> _What the exercise asks_
The needed output is the run of lines below from the one containing "Крісло-м'яч Медуза FHAVK" through the one containing "Image result for SOQL Query Using Workbench", copied exactly and free of pictures.

*** Opening of Dataset ***

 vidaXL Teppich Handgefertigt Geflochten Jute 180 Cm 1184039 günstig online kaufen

*** Close of Dataset ***
*** Opening of Dataset ***

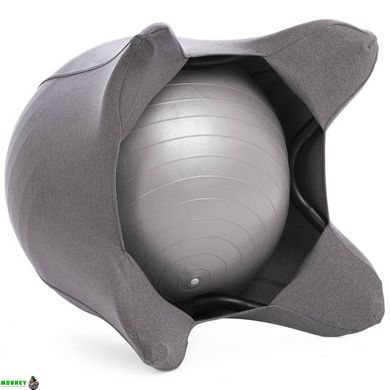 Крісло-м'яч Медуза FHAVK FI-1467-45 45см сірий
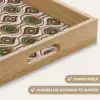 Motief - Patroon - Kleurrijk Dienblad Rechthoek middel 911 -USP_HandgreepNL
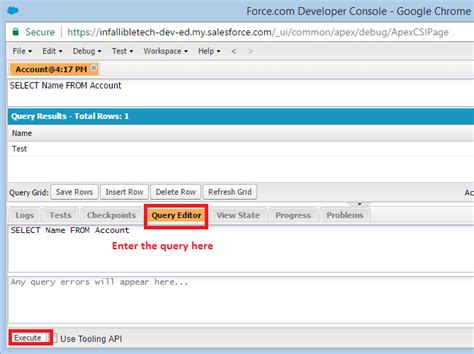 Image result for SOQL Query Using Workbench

*** Close of Dataset ***

> _Answer for this exercise_
 Крісло-м'яч Медуза FHAVK FI-1467-45 45см сірий
 Motief - Patroon - Kleurrijk Dienblad Rechthoek middel 911 -USP_HandgreepNL
 Image result for SOQL Query Using Workbench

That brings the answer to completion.